Basic Progress - Prologue


A Good Bad Example: the story of my life
Dr. James Holland Jr.
Chapter 3 - the concious suicide of conscience

Upon my release from active duty, I took a job at a country club in the Houston area. With renewed hope I was confident that I was surely on my way to riches and fame as a chef. As each new job presented more and more frustrations, I became more and more dependent on alcohol.

An interesting thing happened on my way to stardom in the culinary arts; I had gotten married. I mention this in passing because it was nott a marriage made in heaven. I had a terrible drinking problem. I had been working around the clock and she was a waitress at the country club. I demanded more time off. They gave it to me. I went to a bar. She went home with me and stayed.

It wasn't long before she informed me that she was pregnant. Within days, she showed me the wedding rings she had recently purchased from a pawn shop. I accepted her proposal on the basis that getting married was going to give me responsibility and somebody who would take responsibility for my drinking. Besides, I was to be a father. It was an enterprise that would discipline me and I would grow up!? I knew that I was out of control. This was to straighten my bearings!

Of course, I wasn't taking notes, but it is evident that looking at my own behavior had significantly lower priority than fault finding. The few moments of acceptance were swept away with the absolute knowledge that I was either better than, different than, or simply a social outcast. I was on an emotional roller coaster. My gut was wanting to belong and my head was telling me how much better I was. This conflict created a loneliness that best describes hell. I'm not talking about solitude, which is being alone, I'm talking about the absence of God --A God-shaped hole in my heart. I have heard it described as a hole in my belly with the wind whistling through and through.

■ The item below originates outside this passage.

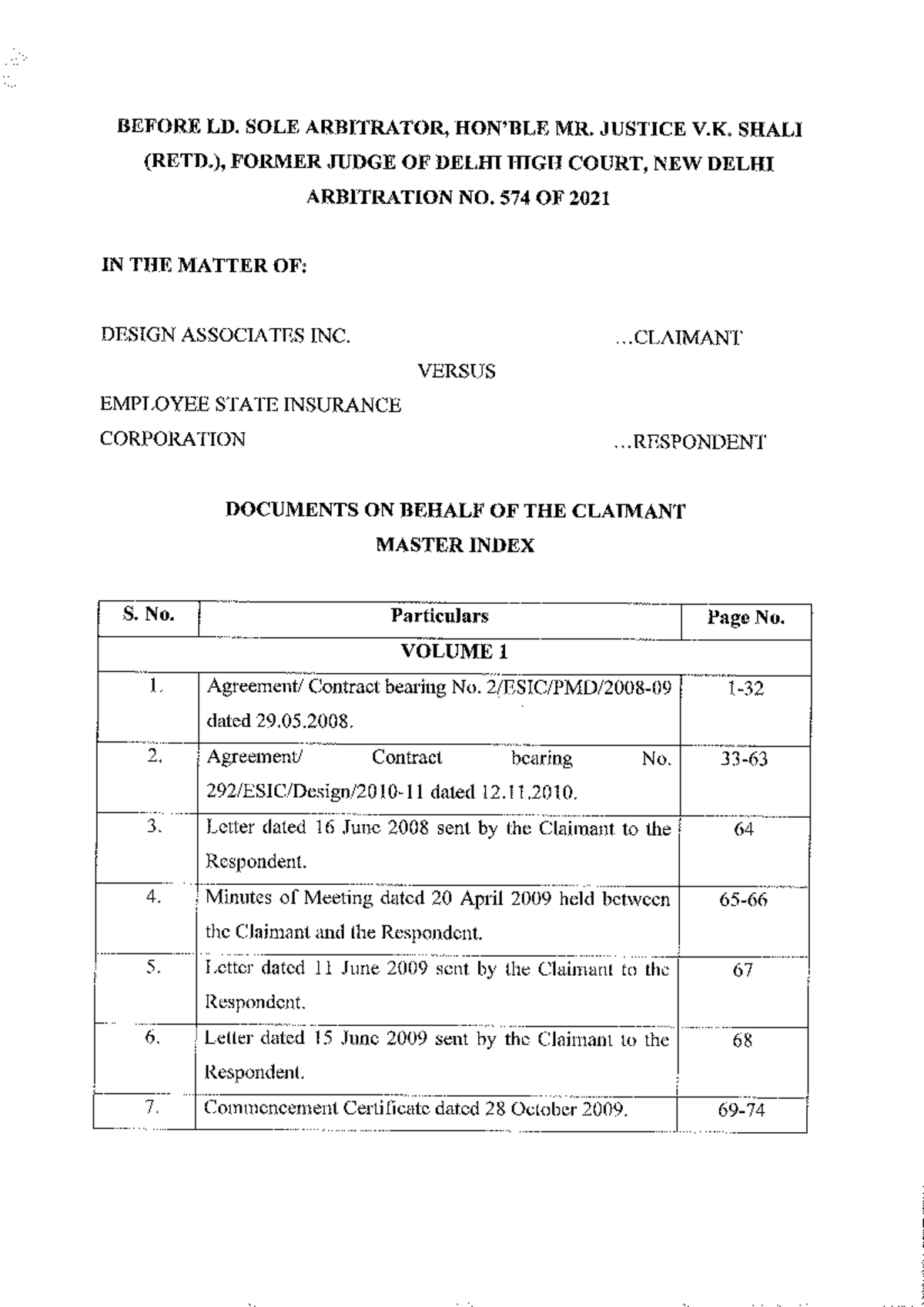 Arbitration 574 2021 Documents on behalf of Claimant Volume 1 ßEF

Marriage certainly didn't fix that. After the excitement settled, booze became my only consolation. I soon found out that she had lied to me about being 'with child.' It was a time of intensified misery.

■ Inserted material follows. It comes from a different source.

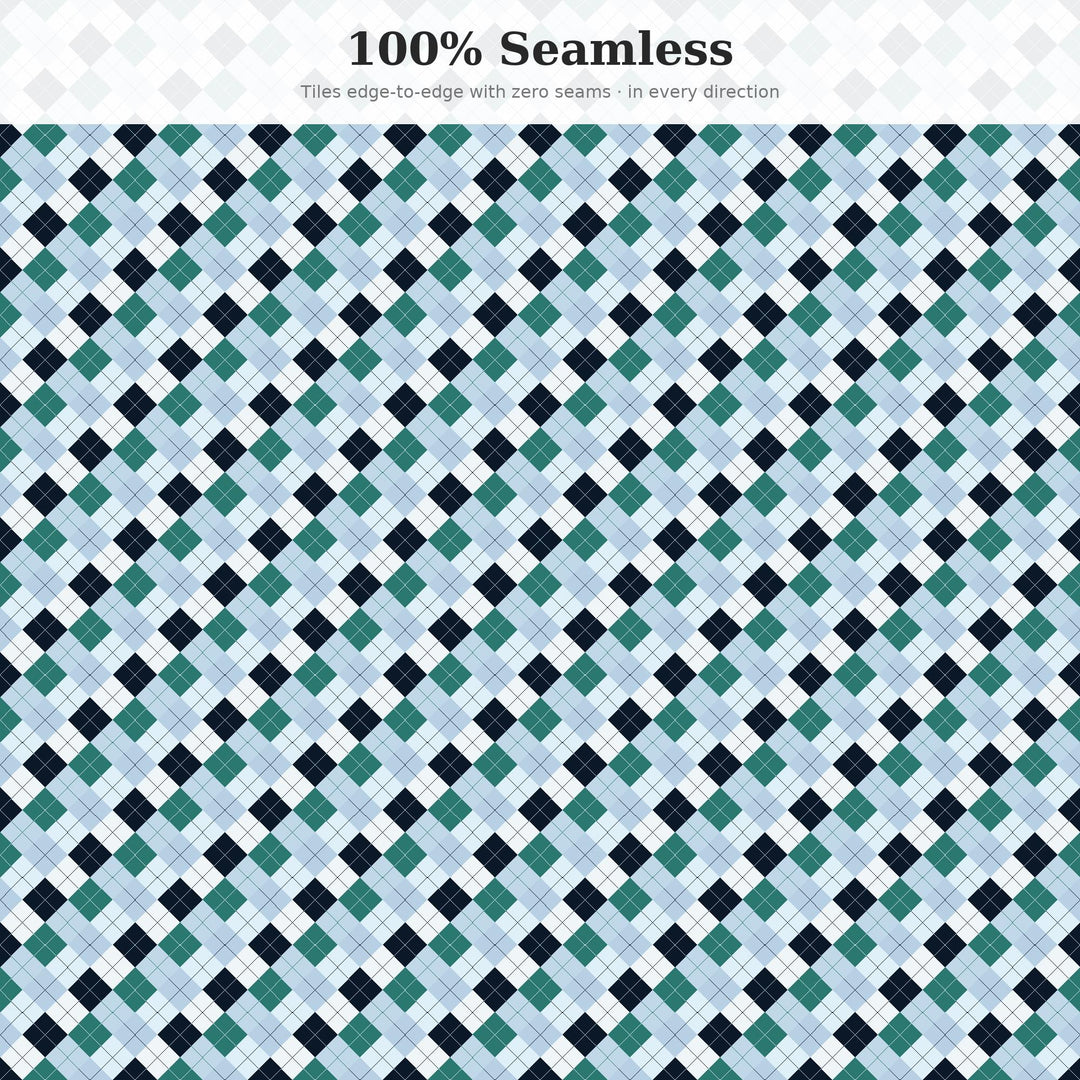 Frozen Lake Argyle Seamless Pattern | Multi-Color Fabric Design (Digital Download)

We split up. Later, we recommitted ourselves and decided that we needed a new beginning. Coincidentally, I was looking at a second DWI in Houston which certainly meant revocation of probation and jail. The authorities had been keeping track of me. Society was frowning.

We agreed that the best thing to do was to leave Texas and never come back! I drove my car and parked it in the bank parking lot. That was the way to handle financial negligence. We then loaded her car and headed off to Portland, Oregon. Of course, I would be a successful chef in the great Northwest!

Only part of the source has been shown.